*WHAT THIS TASK INVOLVES*. Begin at the line that has "Chanel Rare Blue", stop after the line that has "सेवा संकल्प: दो", and print exactly those lines from the records below, without any pictures.

*DATA TO USE*.
---

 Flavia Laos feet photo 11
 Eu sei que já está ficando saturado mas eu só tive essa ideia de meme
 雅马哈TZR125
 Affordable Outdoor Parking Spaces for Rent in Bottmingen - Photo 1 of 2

---

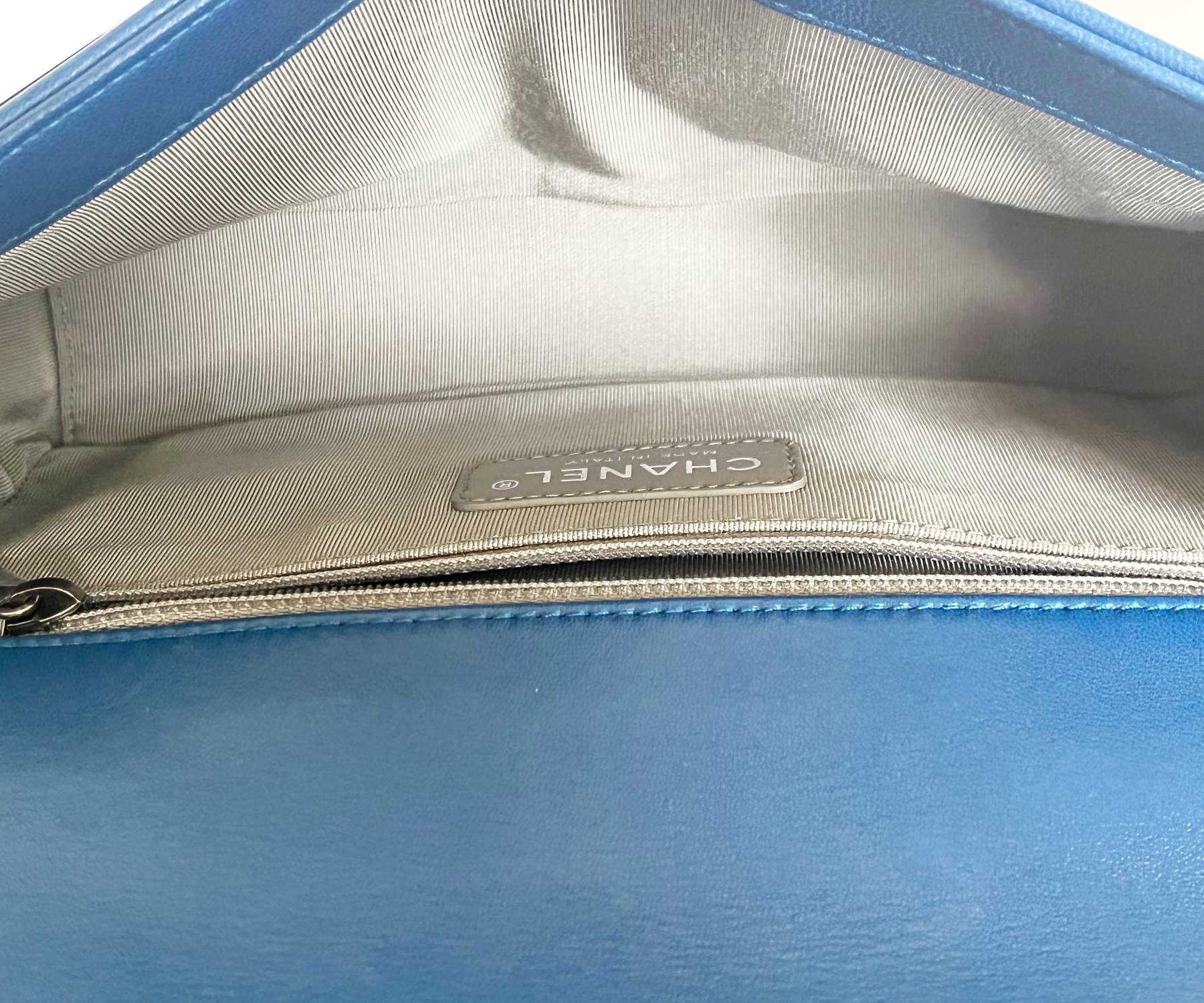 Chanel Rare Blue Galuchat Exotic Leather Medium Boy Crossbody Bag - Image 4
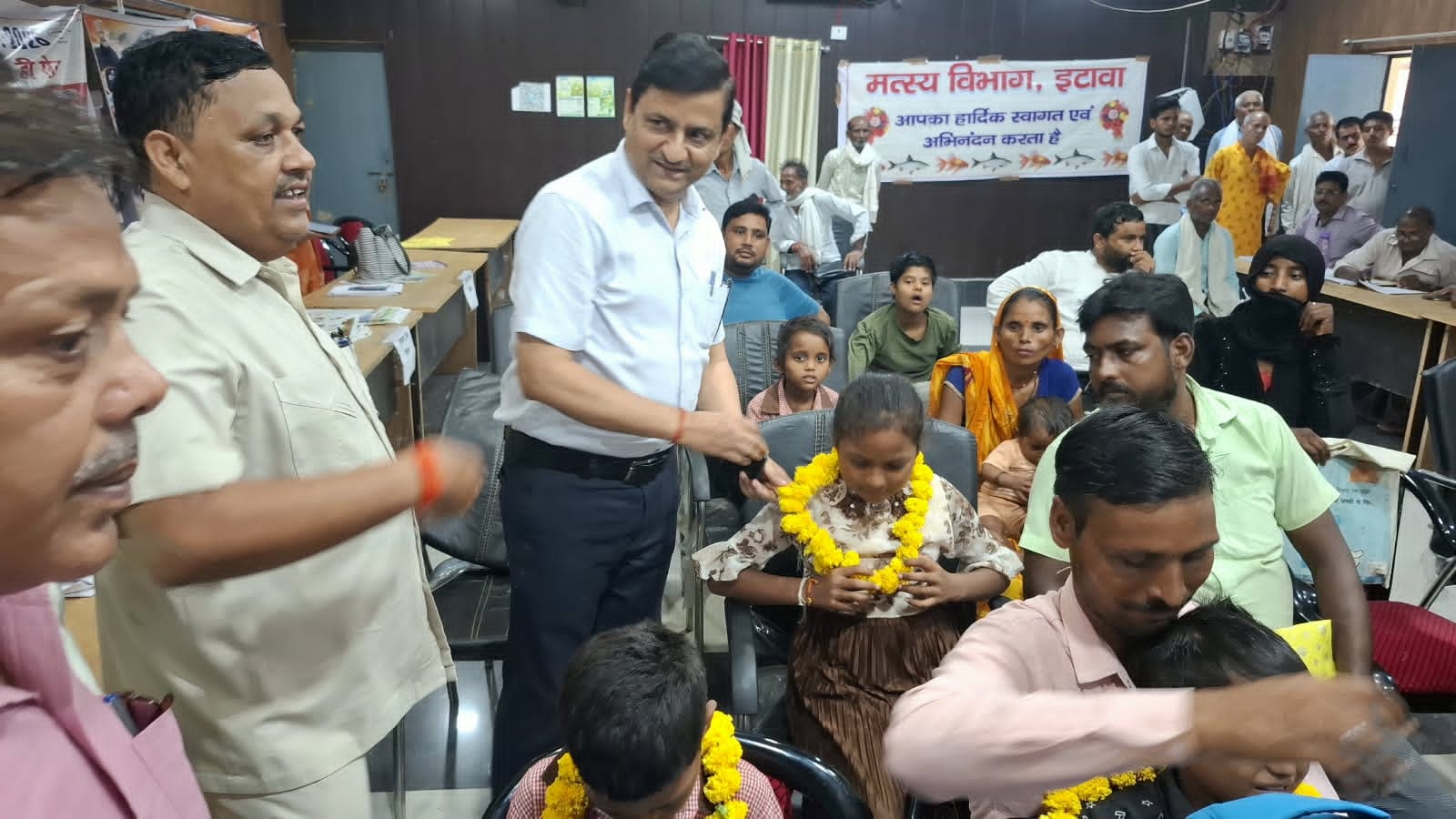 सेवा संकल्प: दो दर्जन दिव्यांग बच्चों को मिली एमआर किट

---

*YOUR SOLUTION*.
 Chanel Rare Blue Galuchat Exotic Leather Medium Boy Crossbody Bag - Image 4
 सेवा संकल्प: दो दर्जन दिव्यांग बच्चों को मिली एमआर किट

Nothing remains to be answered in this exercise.